Il poliziotto Lollo dona uno stipendio ma rischia per un'intervista non autorizzata

Lollo durante la sua vittoria a Pisa nel 2017 Lollo durante la sua vittoria a Pisa nel 2017 Foto Facebook

Messinese di San Salvatore di Fitalia,  in forza all’Atletica Bergamo ’59, e in servizio a Vercelli come agente di Polizia stradale, il 30enne maratoneta Antonino Lollo, cuore d’oro, ha donato uno stipendio intero agli ospedali di Sant’Agata Militello, Barcellona Pozzo di Gotto, Vercelli e al “Papa Giovanni XXIII” di Bergamo, provincia dove risiede: esattamente in Valle Seriana superiore, nel comune di Clusone, nei pressi delle martoriate Alzano e Nembro.  

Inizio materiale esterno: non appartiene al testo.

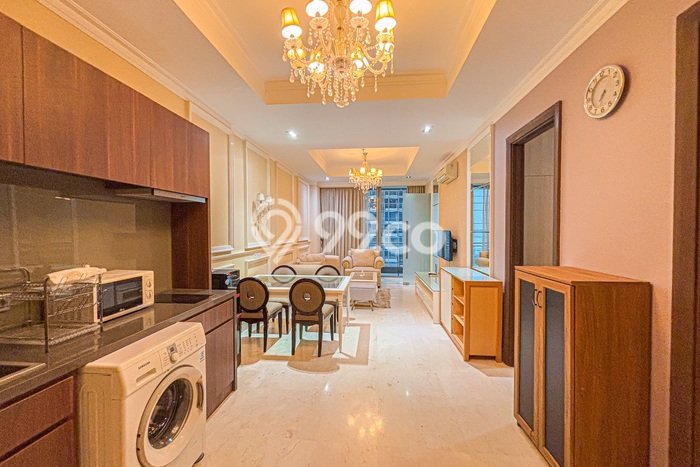 Disewakan Apartemen Murah di Senopati 2 KT Disewakan Apartemen Murah di Senopati 2 KT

Un tempo ciclista, da qualche anno ha deciso di dedicarsi al running, dove, pur essendo sostanzialmente un amatore, ha tempi di tutto rispetto, 30:38 sui 10km e 2h24:18 sulla maratona, a Pisa, quando s’impose nel 2017.
T
occato dagli eventi della pandemia e in auto-quarantena, Lollo ha donato uno stipendio intero, raccontando il tutto ad un giornale: ma, purtroppo per lui, non ha avvisato - come invece previsto dal regolamento di Polizia - il suo Comando, e in particolare la sua dirigente, dell’intervista e della relativa pubblicazione.

Rischia così una punizione (summum ius summa iniuria), ma in sua difesa si è levato il SIAP (Sindacato Italiano Appartenenti Polizia). Infatti, Ciro Dellisanti, segretario Siap di Vercelli, ha dichiarato: “Per tutti noi poliziotti il gesto del nostro collega è stato motivo di orgoglio e profonda ammirazione, un esempio per tanti, ma non per la sua dirigente, che pretendeva di essere informata dell'intervista, pur non riguardante motivi di servizio. Il dirigente nelle sue contestazioni ritiene che il collega abbia tenuto un comportamento non conforme al decoro delle funzioni dell'Amministrazione della Pubblica sicurezza. Ma stiamo scherzando? Il nostro collega con il suo comportamento ha dato lustro all'amministrazione, e chiediamo con forza che questa bizzarra contestazione venga immediatamente archiviata, restituendo credibilità alla nostra amministrazione che non ha certo bisogno, tanto meno in questo momento, di questa pubblicità; anzi, sarebbe opportuno da parte sua premiare il nostro collega per essersi distinto per generosità e senso civico in un momento di particolare difficoltà in cui versa l'intero Paese”.

La speranza è che le massime autorità Graduati della Polizia vogliano intervenire per evitare questa procedura, semmai provvedendo a proporre il buon Lollo per un encomio ufficiale. Condito pure, se vogliamo, da un buffetto per l'imprudenza, che però non cancella la sostanza dell'atto generoso.